After this original twist on the idea of resuscitating an undead, the movie largely falls into a routine pastiche of the customary vampire tropes: the evildoer’s stalking of his victim, her wasting illness, the slow realization of the vamp’s true identity. The only novelty of the film’s middle part is that for the first time the main vampire hunter is a woman of mature years, Lady Jane (Frieda Inescourt). It’s also of interest that, whereas Tod Browning’s adaptation uses crosses and other holy paraphernalia in an offhand manner, the script for RETURN strongly emphasizes through Lady Jane’s dialogue the sanctity of Christian icons and their ability to repel Satanic evil. This emphasis also appears at the climax, in which Andreas uses a Christian cross to defy his master, propelling him to his doom in the sunlight. The script doesn’t provide any explanation as to why vampires dissolve in daytime but remain whole when they’re spiked/staked. In Stoker’s book, either staking or sunlight can slay a vamp, but vamps only decompose if they have cheated time long enough that they fall apart once their unnaturally prolonged lives are terminated.

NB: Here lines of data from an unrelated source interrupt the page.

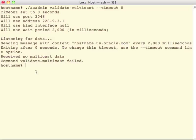For more information, please see the asadmin validate multicast command help page, and also the blog that accompanies this screencast. Thank you.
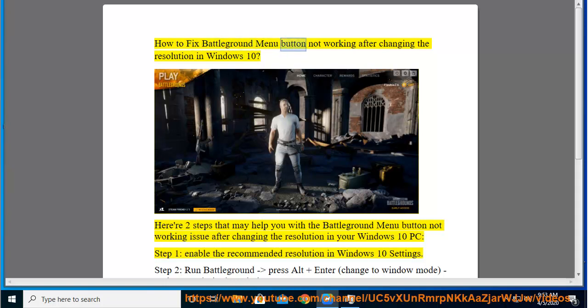How to Fix Battleground Menu Button Not Working After Changing the Resolution in Windows 10. Here are two steps that may help you with the Battleground Menu Button Not Working issue after changing the resolution in your Windows 10 PC.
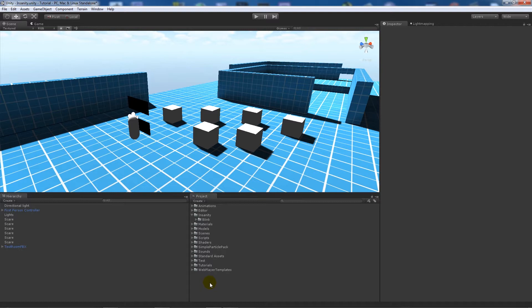Hey guys, so I've got a new tutorial today and this is going to cover something that somebody suggested — a sanity meter you could use in a horror game. When you get scared in a game it makes your vision go blurred, and it goes down depending on if you blink or due to a matter of time. We're going to cover it in four different stages using four different scripts, keeping it quite simple in each case.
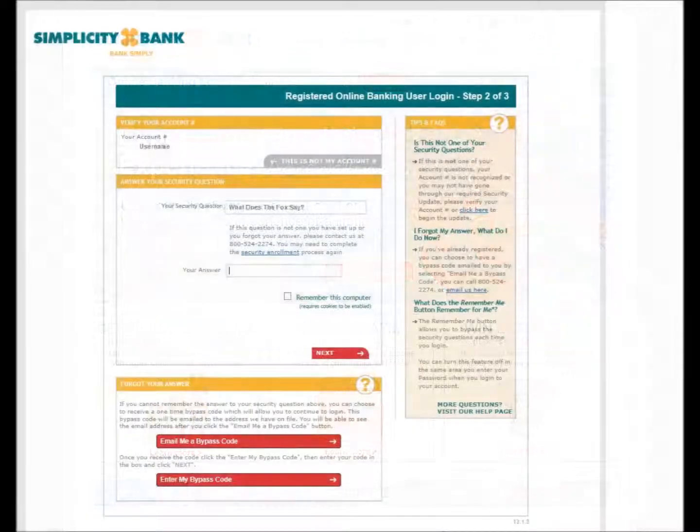If this is the first time you've logged in from this computer or browser, you'll be presented with the security question you previously set up.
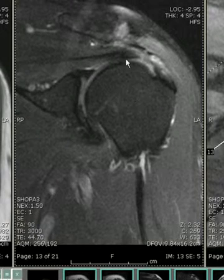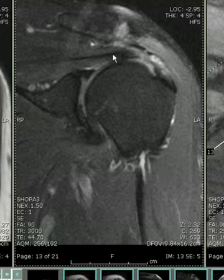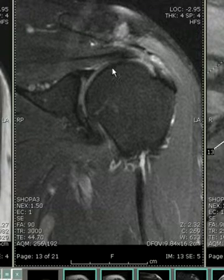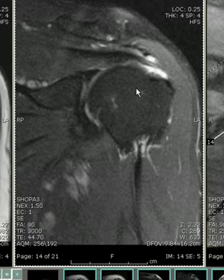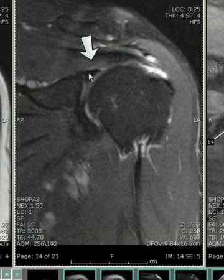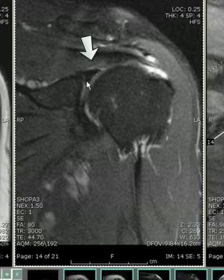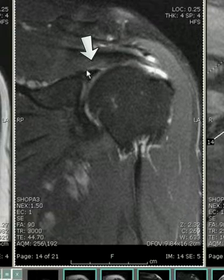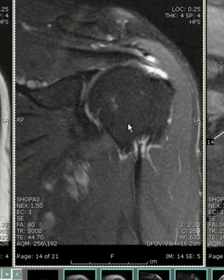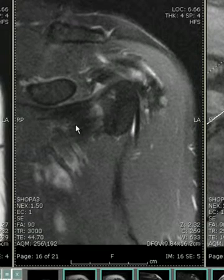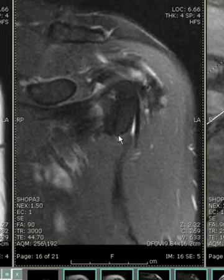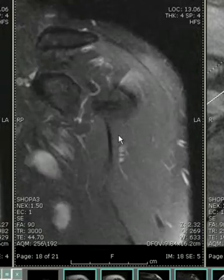Importantly, note that the musculotendinous junction is in the normal position, and there is no retraction of the tendon. We can also see the low signal intensity superior labrum with no signal intensity within it, and more anteriorly, the supraspinatus.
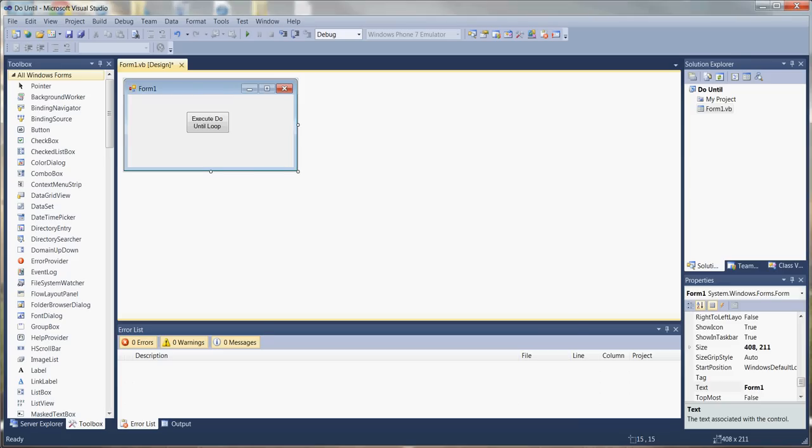In this video, we're going to talk about the loops that you can use in Visual Basic. The two loops we're going to talk about are the do-until loop and the do-while loop. The biggest difference between the two is pretty self-explanatory: in the do-until loop, a certain piece of code is executed until a certain condition is met, while in the do-while loop, a piece of code is executed while a certain condition is being met.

The script is strong in terms of keeping things busy with lots of incidents, though RETURN never escapes a feeling of being a bit too derivative. The movie’s primary distinction is that it seems to be the first film to articulate the image of a vampire controlling a werewolf, even though Andreas makes a very atypical lycanthrope. This trope, though it only appears occasionally, has the distinction of having shown up in such diverse places as Jack Kirby’s JIMMY OLSEN comic and Whitley Streiber’s novel WOLFEN. Lugosi is satisfactory in the role of Tesla but the role doesn’t really give the actor any standout lines, whereas Inescourt manages to dominate every scene she’s in. The ending, in which the dopey constable breaks the fourth wall for the sake of a lame joke, has been rightly castigated by almost everyone.